It is no secret that the consumer protection system is still imperfect in our country, unlike in Europe and the United States. Therefore, the government has recently approved a new version of the Law “On Consumer Protection”. The draft law is aimed at introducing European standards of consumer protection in Ukraine, ensuring a level playing field for e-commerce and fair competition, as well as reducing the burden on business by repealing outdated rules.
“Information about products and services can be provided to consumers only if they agreed to receive such information”
“Current consumer protection legislation becomes irrelevant and does not meet present-day challenges. This leads to an increase in consumer rights violations. Actually, consumers find themselves alone in dealing with their problems. The adoption of the new draft law will allow improving the consumer protection, in particular, in the e-commerce sector and the warranty service on products, as well as eliminating the potential for unfair commercial activities,” Iryna Novikova, Deputy Minister of Economy of Ukraine, said.
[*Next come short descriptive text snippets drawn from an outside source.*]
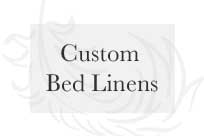 Custom Bed Linens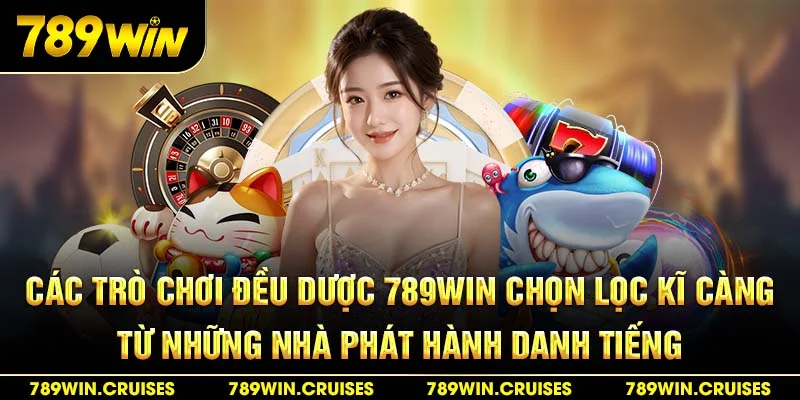 Các trò chơi đều được 789Win chọn lọc kỹ càng từ những nhà phát hành danh tiếng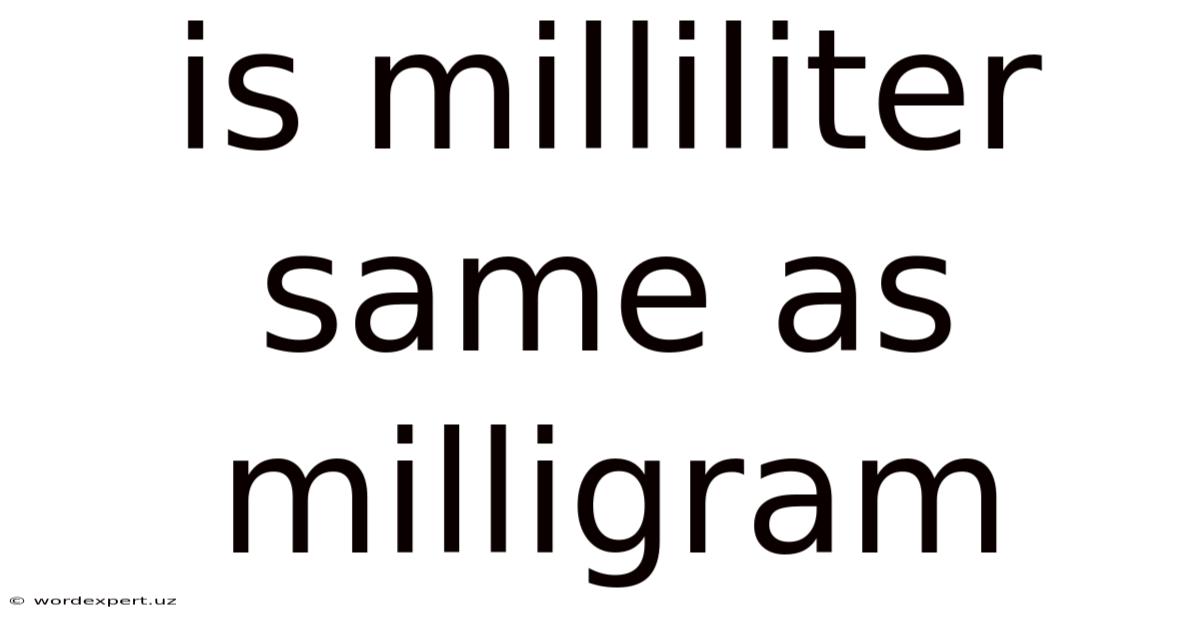 Is Milliliter Same As Milligram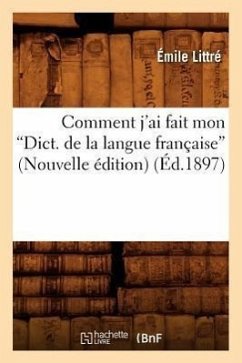 Comment j'Ai Fait Mon Dictionnaire de la Langue Française (Ed.1897) - Littré, Émile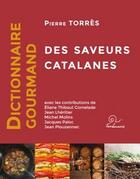 Couverture du livre « Dictionnaire gourmand des saveurs catalanes » de Pierre Torres aux éditions Trabucaire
However, ordinary Ukrainians are primarily interested in what rights the new law protects and how people can exercise their rights. Therefore, Facty.ua asked one of the drafters of the law — the Better Regulation Delivery Office (BRDO) — to explain the details. This is an independent analytical center funded by international donors, foremost by the European Union. Lyudmyla Lisina, a lawyer at the Better Regulation Delivery Office (BRDO) answered our questions.
— What innovations aimed at introducing European consumer protection standards in Ukraine are provided for by the draft law?
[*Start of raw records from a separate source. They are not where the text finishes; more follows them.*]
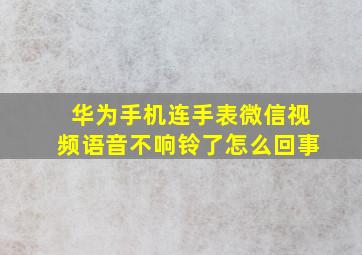 华为手机连手表微信视频语音不响铃了怎么回事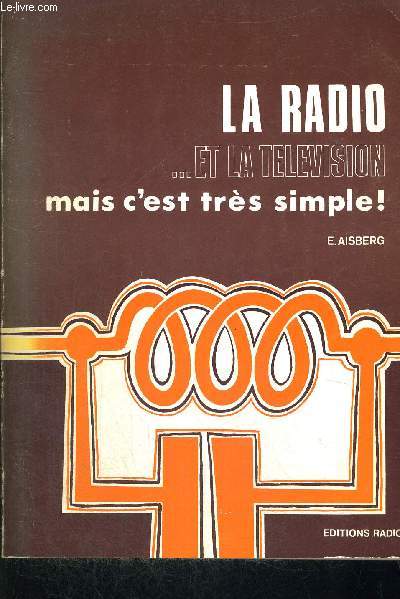 LA RADIO... ET LA TELEVISION MAIS C EST TRES SIMPLE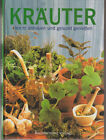 Patricia S. Michalak • Kräuter leicht anbauen und gesund genießen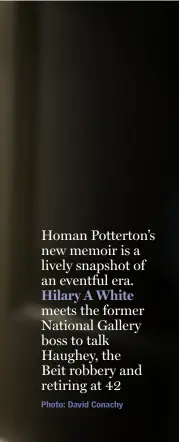  ??  ?? Homan Potterton’s new memoir is a lively snapshot of an eventful era. Hilary A White meets the former National Gallery boss to talk Haughey, the Beit robbery and retiring at 42 Photo: David Conachy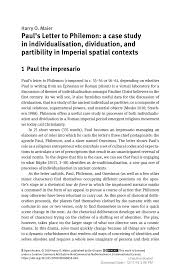 Paul urges philemon to forgive onesimus and accept him back as an equal. Pdf Paul S Letter To Philemon A Case Study In Individualisation Dividuation And Partibility In Imperial Spatial Contexts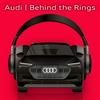 undefined Audi | Behind the Rings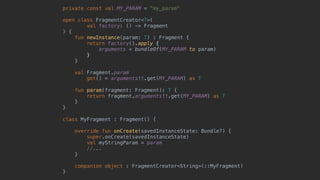 private const val MY_PARAM = "my_param"
open class FragmentCreator<T>(
val factory: () -> Fragment
) {
fun newInstance(param: T) : Fragment {
return factory().apply {
arguments = bundleOf(MY_PARAM to param)
}7
}8
val Fragment.param
get() = arguments!!.get(MY_PARAM) as T
fun param(fragment: Fragment): T {
return fragment.arguments!!.get(MY_PARAM) as T
}
}1
class MyFragment : Fragment() {
override fun onCreate(savedInstanceState: Bundle?) {
super.onCreate(savedInstanceState)
val myStringParam = param
//...
}5
companion object : FragmentCreator<String>(::MyFragment)
}0
 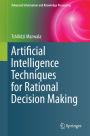 Artificial Intelligence Techniques for Rational Decision Making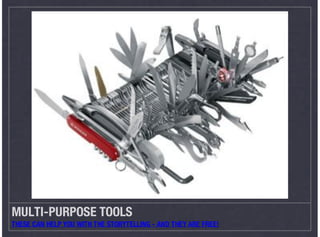 MULTI-PURPOSE TOOLS
THESE CAN HELP YOU WITH THE STORYTELLING - AND THEY ARE FREE!
 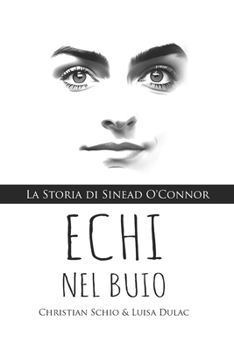 Paperback Echi nel buio: La Storia di Sinead O'Connor [Italian] Book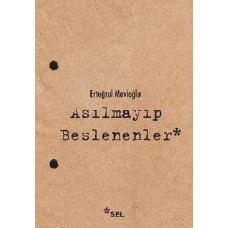 Asılmayıp Beslenenler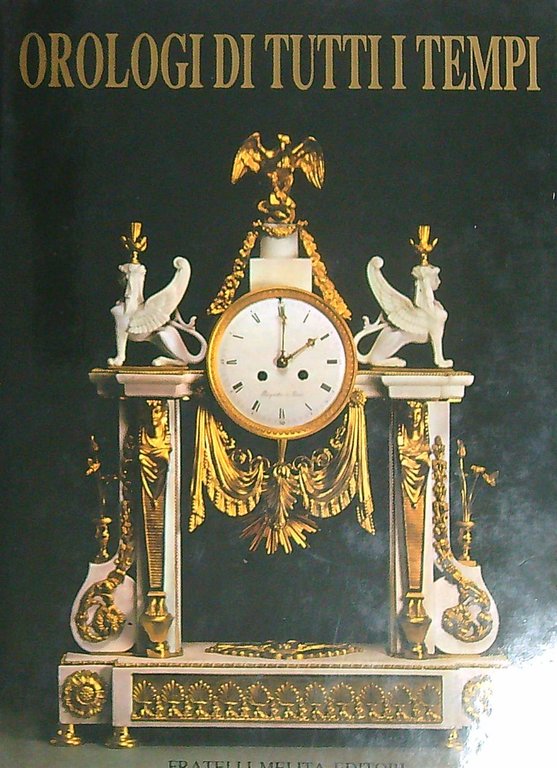 Orologi di tutti i tempi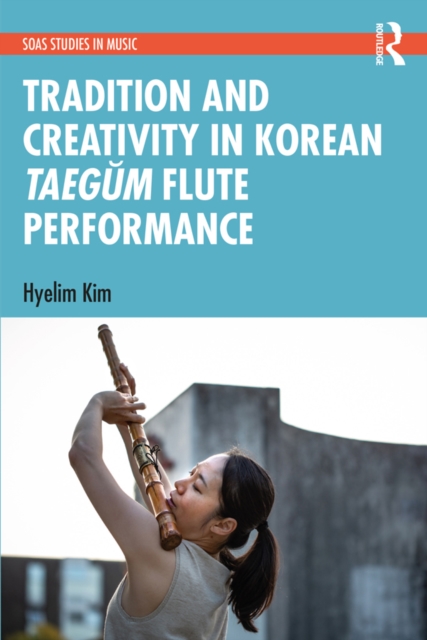 Tradition and Creativity in Korean Taegum Flute Performance, EPUB eBook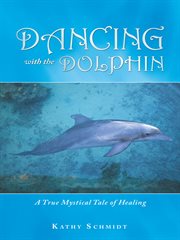 Dancing with the dolphin. A True Mystical Tale of Healing cover image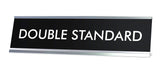 Double Standard Novelty Desk Sign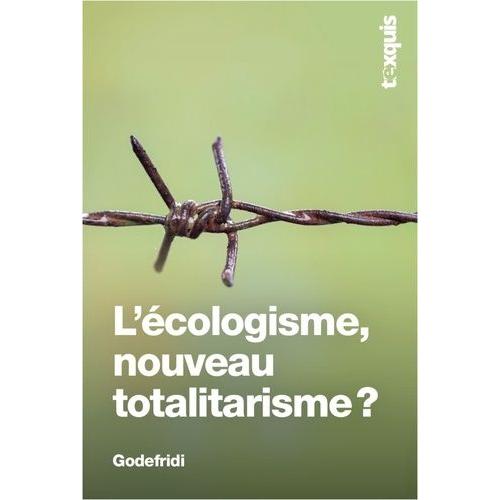 L'écologisme, Nouveau Totalitarisme ?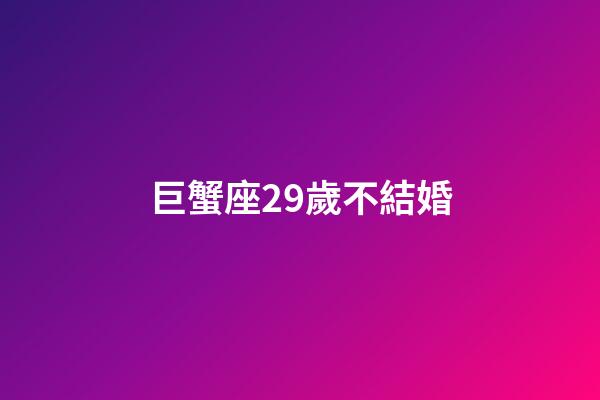 巨蟹座29歲不結婚-第1張-星座運勢-玄機派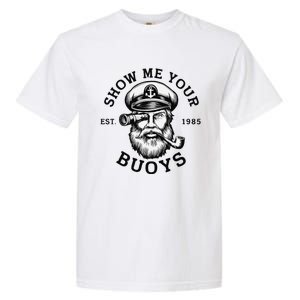 Show Me Your Buoys Funny Pontoon Boat Captain Garment-Dyed Heavyweight T-Shirt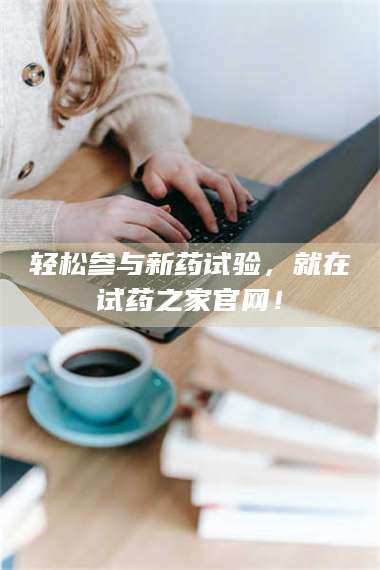 渑池轻松参与新药试验,就在试药之家官网! 第1张 渑池轻松参与新药试验,就在试药之家官网! 第1张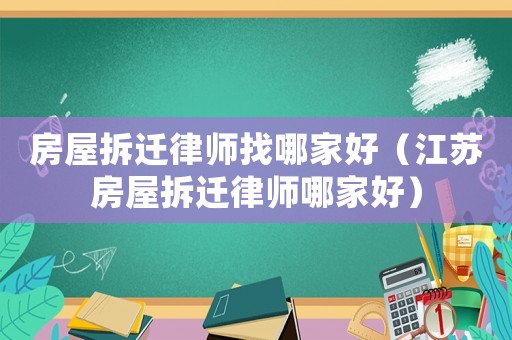 房屋拆遷律師找哪家好（江蘇房屋拆遷律師哪家好）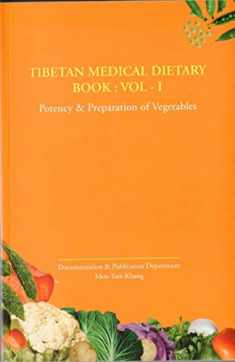 Tibetan Medical Dietary Book, Vol. 1: Potency & Preparation of Vegetables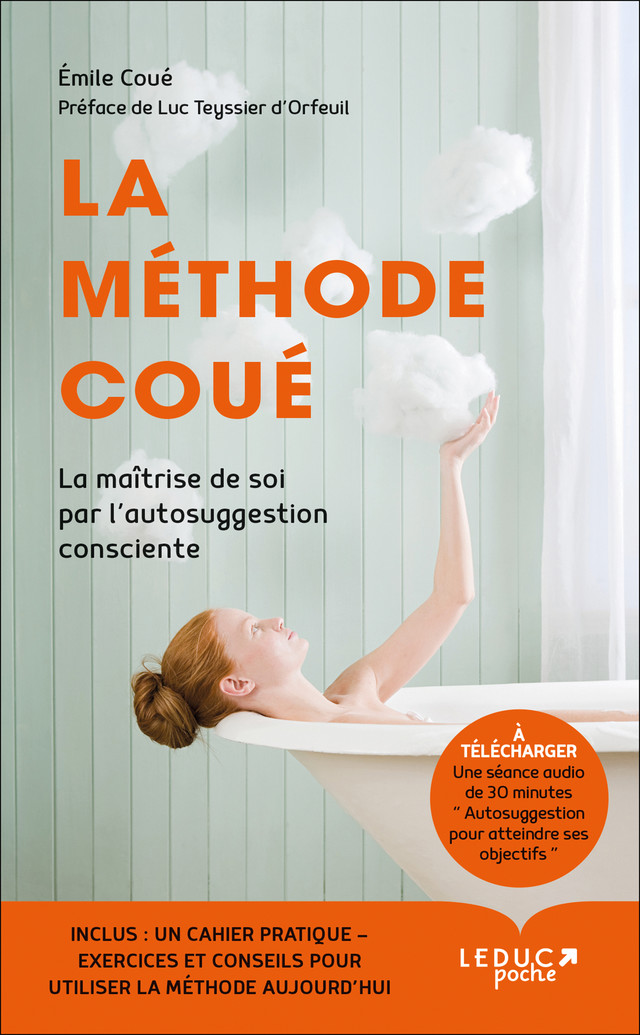 La méthode Coué - Émile Coué, Luc Teyssier d'Orfeuil - Éditions Leduc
— First of all, from now on, our law will define the consumer protection principles similar to the European legislation, such as:
- prioritizing consumer rights and interests over any other interests and goals of business entities;
- making a decision in favor of a consumer if a statutory provision or any regulatory act allows ambiguous or multiple interpretations of rights and obligations of consumers or business entities, as well as if a contract between a consumer and a business entity contains vague or ambiguous provisions;
- protecting economic interests of consumers from unfair and misleading or aggressive commercial practices;
- ensuring availability of useful and clear information about the goods, services, and works offered, including information that provides the product identification and traceability of its origin.
The draft law also provides for the provisions on the relationship between buyers and sellers in e-commerce, as well as defines certain rules on the purchase and sale of digital products. This is all within the framework of European practices. It also takes into account other European approaches. For example, product information may be sent to a consumer email or phone only if they agreed to receive such information from a business entity.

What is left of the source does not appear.